Methods: A previously developed Markov model of intestinal failure was simulated over 1 year. Costs were measured in 2020 US dollars and effectiveness in quality-adjusted life-years (QALYs). The primary outcome was incremental cost-effectiveness ratio (ICER) between treatments. Secondary outcomes include CLABSI frequency. Model parameters were based on the previously published model. CLABSI rate with and without ethanol lock prophylaxis was estimated from the largest available comparative observational study in the literature. Sensitivity analyses on all model parameters were performed. Discounting was applied at 3% per year for costs and QALYs.

Results: In the base model, children with intestinal failure not using ethanol lock therapy accumulated $131,815 in costs and 0.32 QALYs per patient. Using ethanol locks cost $437,884 and accumulated 0.33 QALYs per patient, or nearly $18 million/QALY gained compared to no locks. Ethanol locks resulted in a 40% reduction in CLABSI frequency. Ethanol lock prophylaxis became cost-effective at $68/day and cost-saving at $63/day. Sensitivity analysis identified no plausible variation of other parameters to reach the benchmark of $100,000/QALY gained. On probabilistic sensitivity analysis, 90% of iterations favored no ethanol locks at $100,000/QALY.

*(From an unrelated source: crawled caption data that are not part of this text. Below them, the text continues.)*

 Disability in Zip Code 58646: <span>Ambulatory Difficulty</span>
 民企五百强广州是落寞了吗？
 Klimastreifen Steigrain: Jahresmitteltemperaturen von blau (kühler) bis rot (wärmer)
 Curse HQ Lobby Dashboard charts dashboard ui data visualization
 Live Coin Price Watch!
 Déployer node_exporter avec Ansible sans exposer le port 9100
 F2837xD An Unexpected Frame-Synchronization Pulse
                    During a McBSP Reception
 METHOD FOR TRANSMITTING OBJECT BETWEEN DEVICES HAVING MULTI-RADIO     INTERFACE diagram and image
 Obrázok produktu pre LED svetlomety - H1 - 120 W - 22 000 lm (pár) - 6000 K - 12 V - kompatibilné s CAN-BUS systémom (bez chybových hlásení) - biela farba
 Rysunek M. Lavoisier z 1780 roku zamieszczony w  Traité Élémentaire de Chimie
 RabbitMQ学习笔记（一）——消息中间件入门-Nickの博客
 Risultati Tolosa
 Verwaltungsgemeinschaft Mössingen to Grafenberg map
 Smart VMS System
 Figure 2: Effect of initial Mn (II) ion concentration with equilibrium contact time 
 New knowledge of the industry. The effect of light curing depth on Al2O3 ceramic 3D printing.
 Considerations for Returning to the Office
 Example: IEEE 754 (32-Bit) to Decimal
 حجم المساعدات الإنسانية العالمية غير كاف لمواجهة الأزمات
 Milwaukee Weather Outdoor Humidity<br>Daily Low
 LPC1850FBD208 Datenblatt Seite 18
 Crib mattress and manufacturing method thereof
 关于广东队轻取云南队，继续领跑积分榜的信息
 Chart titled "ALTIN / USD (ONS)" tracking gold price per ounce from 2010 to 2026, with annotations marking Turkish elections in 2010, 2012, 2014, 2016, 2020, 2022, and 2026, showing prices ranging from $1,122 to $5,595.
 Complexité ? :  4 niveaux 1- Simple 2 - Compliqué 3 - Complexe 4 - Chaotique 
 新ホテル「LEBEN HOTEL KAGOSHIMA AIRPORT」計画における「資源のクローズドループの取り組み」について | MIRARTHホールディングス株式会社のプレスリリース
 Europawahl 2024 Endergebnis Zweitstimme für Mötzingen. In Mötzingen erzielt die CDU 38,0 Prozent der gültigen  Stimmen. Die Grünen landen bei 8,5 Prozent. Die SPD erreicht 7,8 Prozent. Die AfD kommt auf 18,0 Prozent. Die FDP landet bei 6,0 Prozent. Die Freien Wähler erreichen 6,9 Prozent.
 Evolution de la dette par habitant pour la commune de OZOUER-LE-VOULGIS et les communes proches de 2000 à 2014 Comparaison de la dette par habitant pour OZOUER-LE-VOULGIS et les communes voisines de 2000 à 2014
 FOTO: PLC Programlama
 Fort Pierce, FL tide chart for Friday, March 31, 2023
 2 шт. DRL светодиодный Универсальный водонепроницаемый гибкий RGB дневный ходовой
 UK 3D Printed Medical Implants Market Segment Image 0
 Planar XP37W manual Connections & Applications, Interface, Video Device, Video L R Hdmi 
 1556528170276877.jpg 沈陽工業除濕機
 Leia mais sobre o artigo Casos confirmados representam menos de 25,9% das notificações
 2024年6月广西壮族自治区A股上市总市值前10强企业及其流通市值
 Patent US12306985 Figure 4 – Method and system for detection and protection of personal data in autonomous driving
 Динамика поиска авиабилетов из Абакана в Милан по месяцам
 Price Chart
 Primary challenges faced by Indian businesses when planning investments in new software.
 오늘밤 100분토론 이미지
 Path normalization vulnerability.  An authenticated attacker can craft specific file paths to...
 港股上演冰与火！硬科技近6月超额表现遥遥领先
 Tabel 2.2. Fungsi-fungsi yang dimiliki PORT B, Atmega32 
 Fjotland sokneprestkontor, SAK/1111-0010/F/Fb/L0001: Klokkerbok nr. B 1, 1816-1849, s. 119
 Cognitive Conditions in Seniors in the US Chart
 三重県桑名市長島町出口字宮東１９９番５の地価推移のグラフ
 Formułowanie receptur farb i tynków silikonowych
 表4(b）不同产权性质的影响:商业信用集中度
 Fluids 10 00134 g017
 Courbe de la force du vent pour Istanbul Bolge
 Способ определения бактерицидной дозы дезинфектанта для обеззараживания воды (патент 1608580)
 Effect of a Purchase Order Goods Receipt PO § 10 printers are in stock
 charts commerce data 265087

Conclusions: At the current price, ethanol lock therapy is not cost-effective for CLABSI prevention in children with intestinal failure in the United States. However, its cost prior to the recent orphan drug designation made it an economically reasonable choice. This study highlights the critical need for the approval of an affordable lock therapy option to prevent CLABSIs in these children.

Reference:

Raghu V, Mezoff E, Cole C, Rudolph J, Smith K *O-34: Cost-effectiveness of Ethanol Lock Prophylaxis to Prevent Central Line-associated Bloodstream Infections in Children with Intestinal Failure in the United States. Transplantation. 2021 Jul 1;105(7S):S18. doi: 10.1097/01.tp.0000757604.96037.8f. PMID: 34792965.